« La pensée moderne – et c’est à mon sens, l’un de ses plus graves défauts – a supprimé la personnalité et a rendu tout objectif. Aussi bien ne s’attarde t-on pas à ce qu’est communiquer ; mais l’on se hâte aussitôt vers l’objet, le ce qu’on entends communiquer. Et comme presque tous les objets de cet ordre se montrent, même à première vue, de dimensions extrêmement vastes, l’on aura, à mesure que le temps passe, toujours moins d’occasions ou de places, pour méditer sur ce que c’est que communiquer. »
S. Kierkegaard, « La dialectique de la communication éthique et éthico-religieuse », « Deuxième leçon : Communication de savoir et communication de pouvoir », [1877], p.68, Rivages, 2004.
Il y a ces corps de frayeurs, ces amas de peaux nues,
traversés d’une onde bleue cobalt, et l’esprit recroquevillé,
au fond d’une cavité silencieuse et glacée,
et jamais rien ne filtre ici ni lumière, ni amour,
et tout ce monde disponible est là devant soi,
Faire de toi l’instrument de forces cruelles, mécaniques,
la dureté et l’affûtage d’un corps rétréci, laminé,
t’envoyer conduire les machines-outils,
et coller tes yeux dans la grisaille du béton armé,
la pompe de fer qui te respire, dans un rythme d’enfer,
et expulse le souffle noir et triste des bâtiments,
la poussière, le sable, la tranchée électrique,
qui allume les grands immeubles de verres transparents,
ceux qui luisent dans la nuit opaque, et transperce,
le silence des étoiles.
Et ta haine, dans une terreur folle, est rentrée ; elle s’accumule,
comme une boule de feu qui brûle,
tout l’intérieur des chairs.
Il te reste l’alcool, le tabac, le mono-sexe triste,
vendus comme les seuls plaisirs pour des corps jetables,
et quand tes regards plongent en toi,
ils plongent dans une mer de passions affreuses,
stimulées, orientées par ces drôles de pingouins,
qui sur la terre brillante des réseaux, dirigent à la baguette, des pseudo-assemblées,
et ton âme mécanique, brille aussi dans leurs collections du vide.
La fatigue est la concentration brutale de ce néant,
cette fatigue extrême qui embarque ton attention dans la brume,
prononcer une phrase devient impossible,
rester immobile est une souffrance,
Tu ne demandes qu’à recommencer, encore,
au delà des limites organiques,
car la pulsion de mort, de tranquille fixité, bruit dans l’orage,
qui tempête dans ton crâne, et signifie la fin désirée,
que ne cherches tu pas hors de l’alternative,
plaisir et sommeil, car ta vie a des bords douloureux.

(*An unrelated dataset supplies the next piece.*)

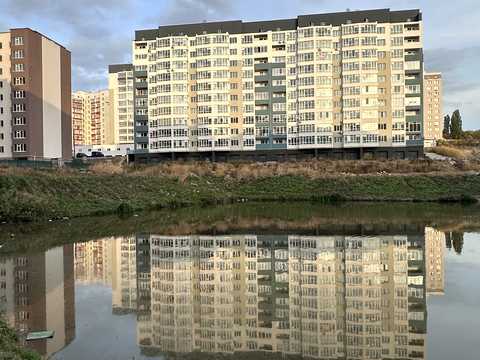 квартира по адресу Старокостянтинівське шоссе, (Будинок 6)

Souviens toi que c’est une mise en ordre toute extérieure,
et encore plus de tensions, de sang et de muscles,
agencés à la façon d’outils ajustés aux tâches,
car la seule manière d’agir est celle qui existe,
rien d’autre ne se sait, ne se dit, ne se voit.
Ta langue confisquée et décrite comme inefficiente,
ne se parle plus qu’en rêve, entre toi et moi,
les montages symboliques sont vieux, rusés et habiles,
ils suintent la machine de guerre, la manie-industrie,
dévorent tout l’espace entre toi et soi-même.
Ici, maintenant rien ne compte plus que la cadence,
le spectre physique symbolique affecté à la tâche,
qui hante tout tes gestes bien là, utiles, au bon rendement,
et dans cet amas d’âmes fétiches, nombreuses, et grossières,
s’agitent des créations débiles, très efficaces,
utiles aux objets-néants qu’elles produisent en séries.
Dans la machinerie de l’utile, tu es la figure du rouage,
l’animal-instrument employé pour sa force physique brute,
et qui va coudre le vêtement de verre et de pierre,
cette immensité des villes, des routes, des villages.
Que nous importe que tu meures bien avant nous,
du moment que tes forces soient bien employées,
bien ordonnées selon des schémas directeurs.
Et l’inversion de toutes ces valeurs n’est pas pour demain,
elle reste cette lueur d’espoir au fond d’un puits de ténèbres.
Ne vit pas pour eux, car ils mentent et reproduisent ta blessure,
partout où ils vont, ils la soignent, avec précaution,
programme atteint et disparition des facteurs « x »
qui ont permis sa bonne et libre réalisation.
Et la langue de leur justice est fermée et corrompue,
leur probité frôle, à tout discours, le ridicule.
Ne reste par le facteur « x », l’ombre fragile qui permet l’opération,
cet inconnu dont les expressions du visage ont été retirées,
de tout contact, de toutes rencontres, de la vie même,
et dont le corps est un outil dévolu à une tâche comme un autre,
ne devient pas l’objet de leurs communications fantômes.